Apache Pulsar Architecture and Benefits | Stream Processing Platform

Introduction to Apache Pulsar

Apache Pulsar is a multi-tenant, high-performance server-to-server messaging system. Yahoo developed it. In late 2016, it was the first open-source project. Now, it is incubating under the Apache Software Foundation (ASF).

Pulsar works on the pub-sub pattern, where there is a Producer and a Consumer, also called the subscribers. The topic is the core of the pub-sub model, where producers publish their messages on a given Pulsar topic, and consumers subscribe to a problem to get news from that topic and send an acknowledgement.

Enable real-time decision making, clickstream analytics, fraud detection, Personalised User Experience and recommendations. Explore Our Services, Streaming and Real-Time Analytics solutions

Once a subscription has been acknowledged, the Pulsar will retain all the messages. One Consumer acknowledged that it had been processed only after that message was deleted. Apache Pulsar Topics are well-defined channels for transmitting messages from producers to consumers. Topic names are well-defined URLs.
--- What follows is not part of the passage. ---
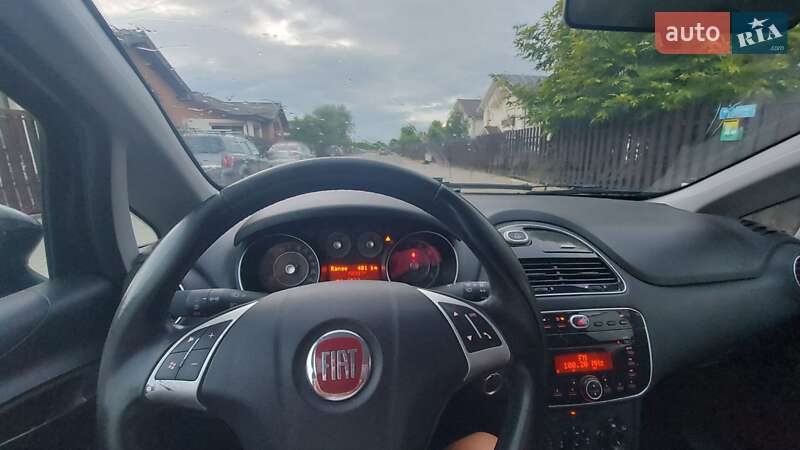 Хэтчбек Fiat Punto 2012 в Измаиле фото 3 Хэтчбек Fiat Punto 2012 в Измаиле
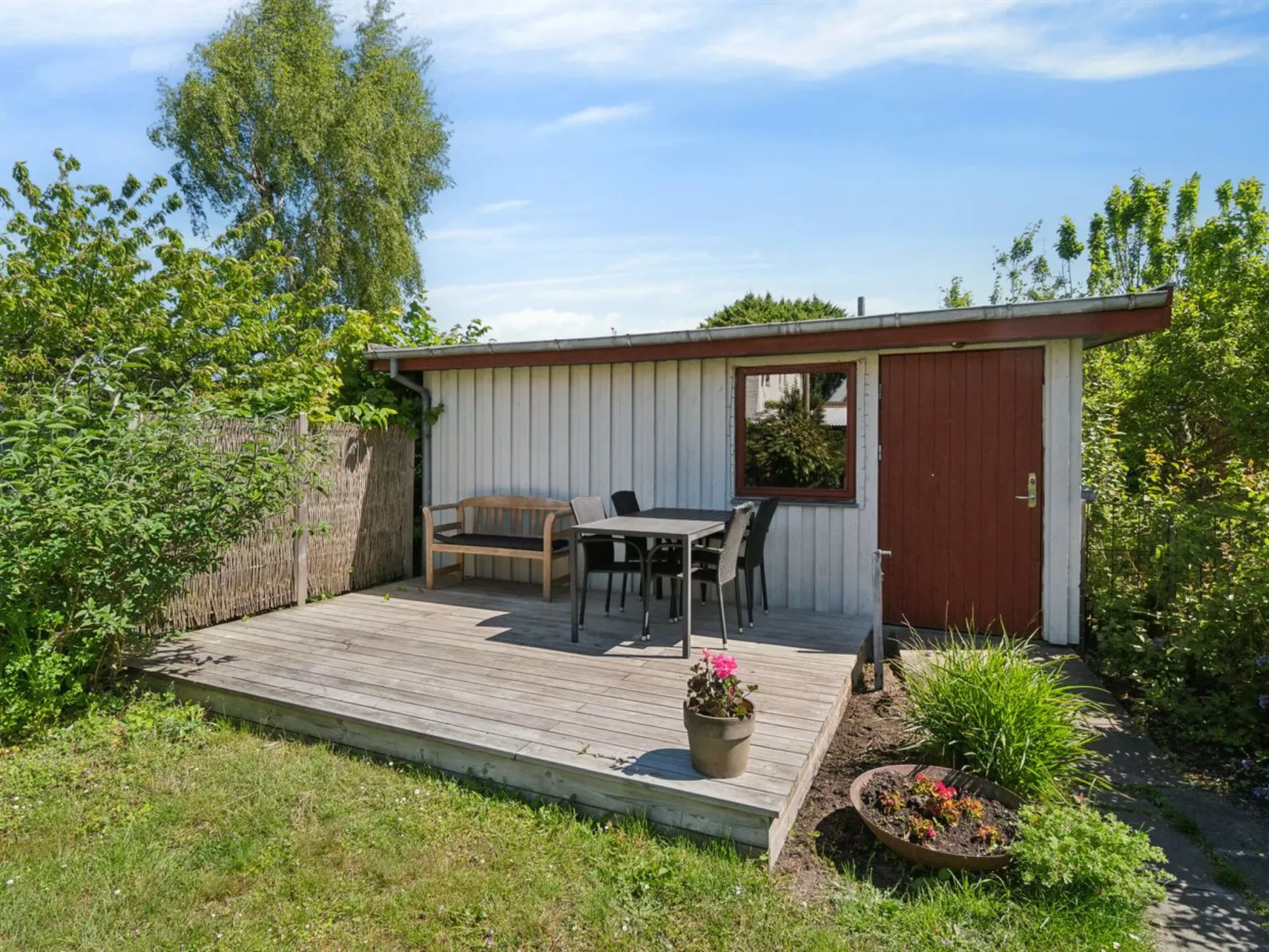 "Detlef" - 200m from the sea-Draußen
Namespaces: They are logical nomenclature within a tenant. A tenant can create multiple namespaces via the admin API. A namespace allows the application to create and manage a hierarchy of topics. A number of issues can be created under the namespace.

Apache Pulsar Subscription Modes

A subscription is a named rule for the configuration that determines the delivery of the messages to the consumer. There are three subscription modes in Apache Pulsar

Exclusive

In Exclusive mode, only a single consumer is allowed to attach to the subscription. If more than one consumer attempts to subscribe to a topic using the same subscription, then the consumer receives an error. The exclusive mode is the default subscription model.

Failover

In failover, multiple consumers are attached to the same topic. These consumers are sorted lexically with names, and the first consumer is the master consumer, who gets all the messages. When a master consumer gets disconnected, the next consumers will get the words.

Shared

Apache Pulsar Subscription Mode Shared Shared and round-robin mode, in which a message is delivered only to that consumer in a round-robin manner. When that user is disconnected, the messages sent and not acknowledged by that consumer will be re-scheduled to other consumers. Limitations of shared mode-

Message ordering is not guaranteed.
You can’t use cumulative acknowledgement with shared mode.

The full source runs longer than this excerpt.